È stata un’esperienza che mi ha restituito molto, nonostante i conflitti anche importanti che ho avuto soprattutto con il direttore d’orchestra [Matthieu Mantanus, ndr]. Non mi era mai successo ma questa volta sì. Purtroppo mi sono trovato nella situazione in cui, all’ultimo momento, mi è stato chiesto di fare dei compromessi piuttosto pesanti sulla musica (soprattutto elettronica) e che ho accettato solo per rispetto verso le altre persone che hanno lavorato al mio progetto (scenografa, regista, cantanti). Questo mi ha mosso però altre riflessioni: avevo forse scritto una musica molto emotiva ma anche molto fragile, quasi trasparente, che contrariamente a me ha accettato alcuni compromessi. Detto questo l’esecuzione non mi ha soddisfatto. Quello che avevo in mente era diverso: i piani erano piani, i forti erano forti, e i momenti di sincrono con l’elettronica dovevano rompere. Invece si è rotto il dialogo con il direttore…
La musica cosiddetta “colta” si è basata per diversi decenni su una ricerca forsennata del nuovo facendo a volte anche dei “voti di castità” su grammatiche e materiali sonori. Ma questa attenzione alla dimensione esteriore della musica non è forse un modo per aggirare il vero problema di fondo che è quello di avere delle cose da dire?
Sono perfettamente d’accordo. È difficile che quando cominci a serializzare tutto riesci a mantenere il gusto di inventare nota per nota, è un modo di procedere differente che crea un certo distacco non solo con il pubblico ma anche tra la musica e lo stesso compositore.
La “novità” è stata senza dubbio l’utopia di un certo tipo di musica del XX secolo ma se andiamo a vedere è una tendenza sempre presente nella storia dell’Occidente (musicale, tecnologico, scientifico, ecc), altrimenti non ci sarebbe stato un certo tipo di cambiamento. In India lo stile di alcune tradizioni si muove di un granellino ogni tremila anni perché il loro interesse è un altro. A me oggi della “novità” interessa poco: è un concetto scivoloso da inquadrare. Partire con l’idea di fare qualcosa di nuovo può essere un inciampo qualche volta.

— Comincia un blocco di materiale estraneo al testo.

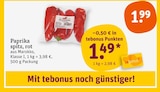 Aktuelles Paprika Angebot bei tegut in Jena ab 1,99 €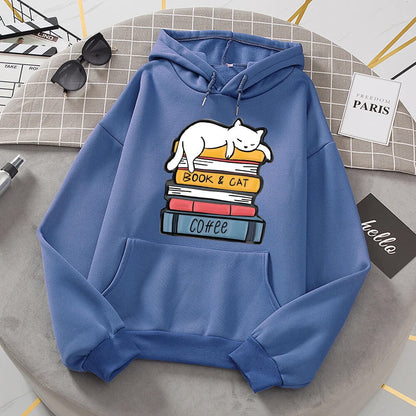 "Coffee, Cats & Books" Sweatshirt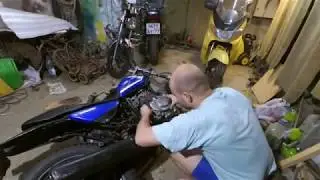 Неправильная сборка сцепления Honda FTR 223 и его исправление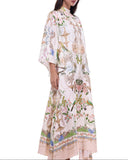 Bohemian Oasis Printed Kaftan Maxi Dress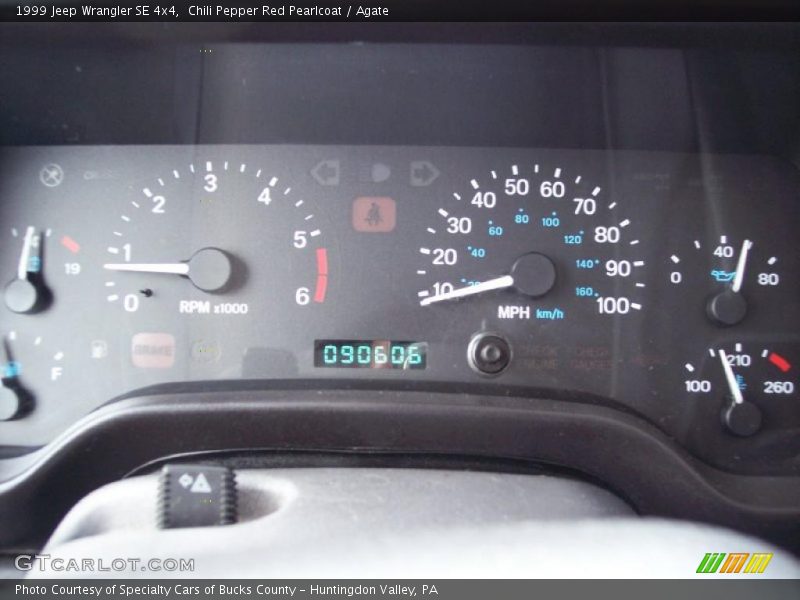  1999 Wrangler SE 4x4 SE 4x4 Gauges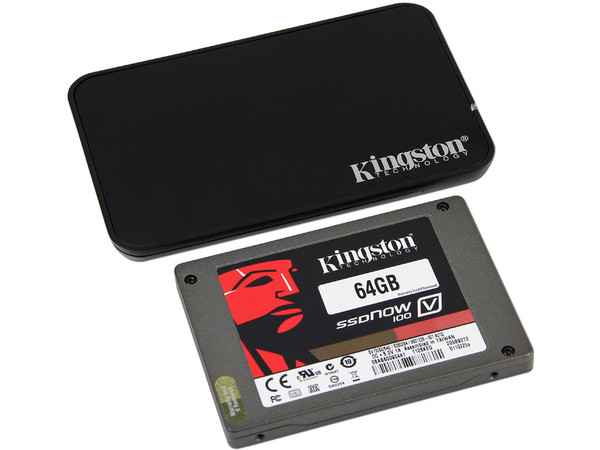 Kit para Laptop de Unidad de Estado Sólido Kingston SSDNow V100 de 64GB, 2.5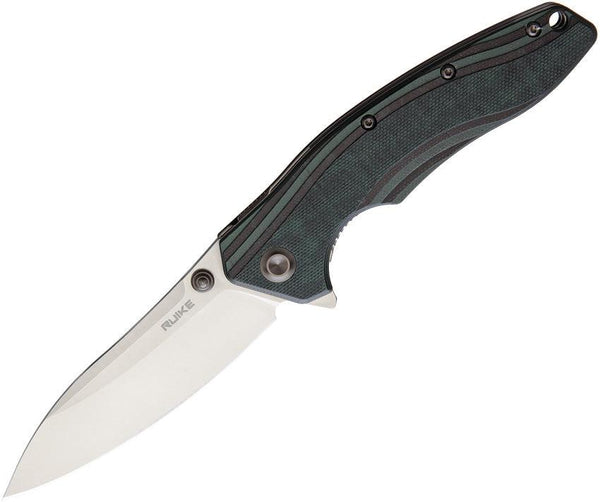 Ruike P841 Linerlock Green & Black G10 14C28N Sandvik - Knives.mx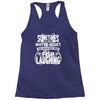 you can almost hear the fish laughing! Racerback Tank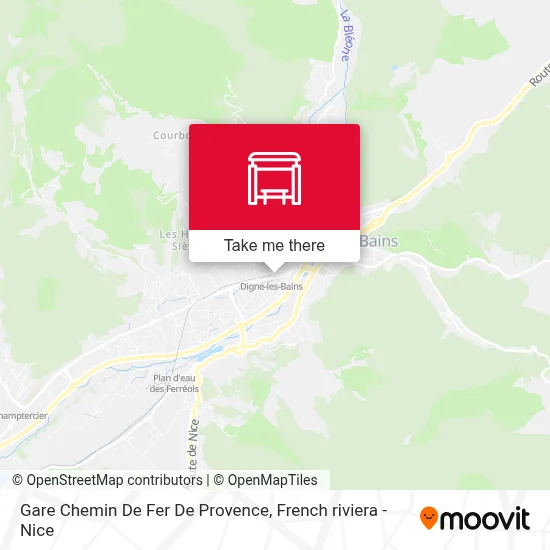 Gare Chemin De Fer De Provence map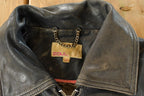 Vintage Y2K Zoul Washed Leather Biker Jacket Women's Small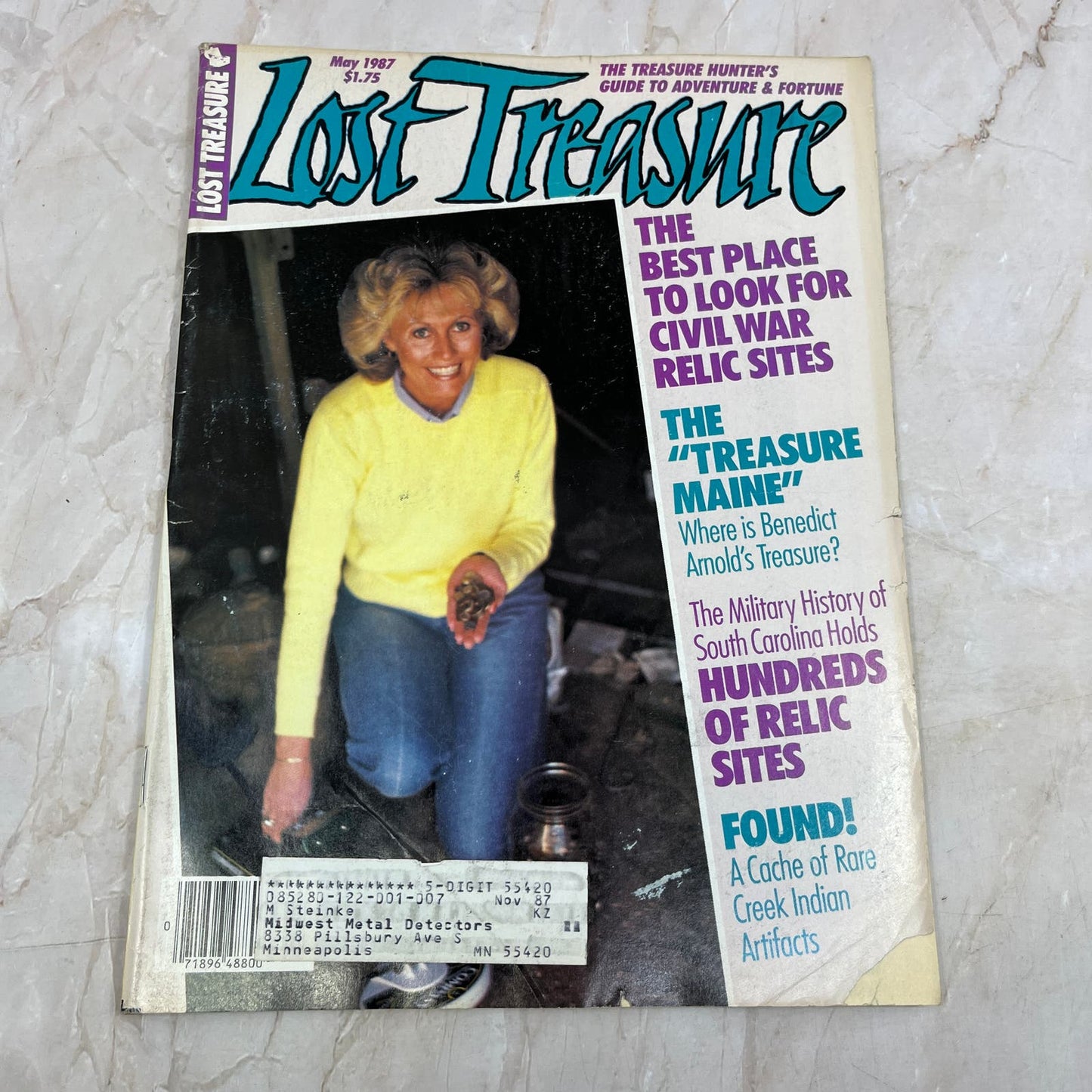 1987 May - Lost Treasure Magazine - Treasure Hunting Gold Prospecting M15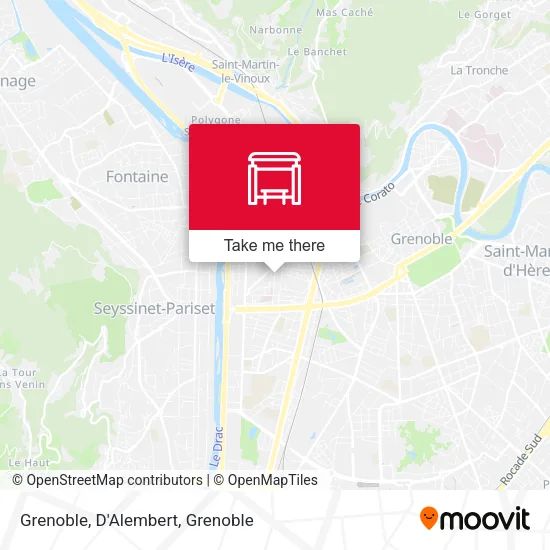 Grenoble, D'Alembert map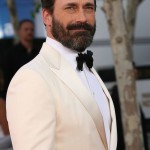 Jon Hamm with a big ol' beard at the Emmy Awards. Hot or not?!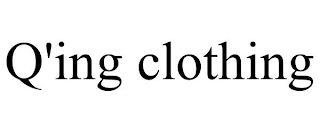 Q'ING CLOTHING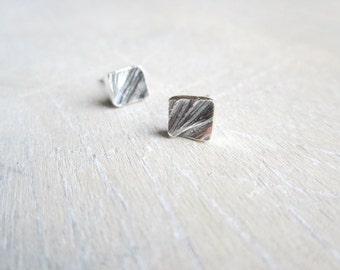 Borchie argentate testurizzate, borchie della collezione Harness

Io sono dell’idea di fare le cose nel modo più onesto possibile, con la mente e il cuore allineati secondo una certa intenzionalità.
Quest’utopia della novità infatti credo si regga molto sull’idea di tempo che abbiamo qui in Occidente: una freccia verso il progresso. Gli orientali invece lo vedono più come un cerchio o una spirale. La musica di oggi ha forse bisogno di cambiare prospettiva?
Secondo me sì, il “ritorno”, soprattutto quello illustrato dall’immagine della spirale, è una credenziale necessaria. Anche perché a furia di andare sempre avanti non abbiamo capito delle cose fondamentali su come siamo fatti. E non solo in musica. Prima di fare certe manipolazioni sulla natura ad esempio, bisognerebbe che l’umanità si interrogasse meglio sulle problematiche che troviamo nei grandi testi di tutte le tradizioni filosofiche e religiose. Domande a cui non c’è una risposta definitiva ma che aiutano sicuramente a intravedere delle costanti antropologiche utili per arrivare più preparati davanti a certe scelte. Per entrare nel mondo della ciclicità, dell’eterno ritorno, bisogna però sospendere un attimo i principi di identità e non contraddizione. Se accetti che una cosa possa essere e non-essere allo stesso tempo allora ti accorgi che è possibile “conservare cambiando”. Questo vale per la musica come per ogni cosa.
Ti piace la definizione di musica “classica contemporanea”?
No, non mi piace per niente. Il punto secondo me è un altro: esiste la musica scritta bene e la musica scritta male, la musica che arriva da un’intenzione giusta e quella che invece non arriva da un’intenzione giusta. Ma sono categorie talmente sottili e sfuggenti che è impossibile averle già determinate in partenza perché dipendono da chi la fa e, in gran parte, da chi ascolta. Fermarsi a “musica” mi dà molta più libertà.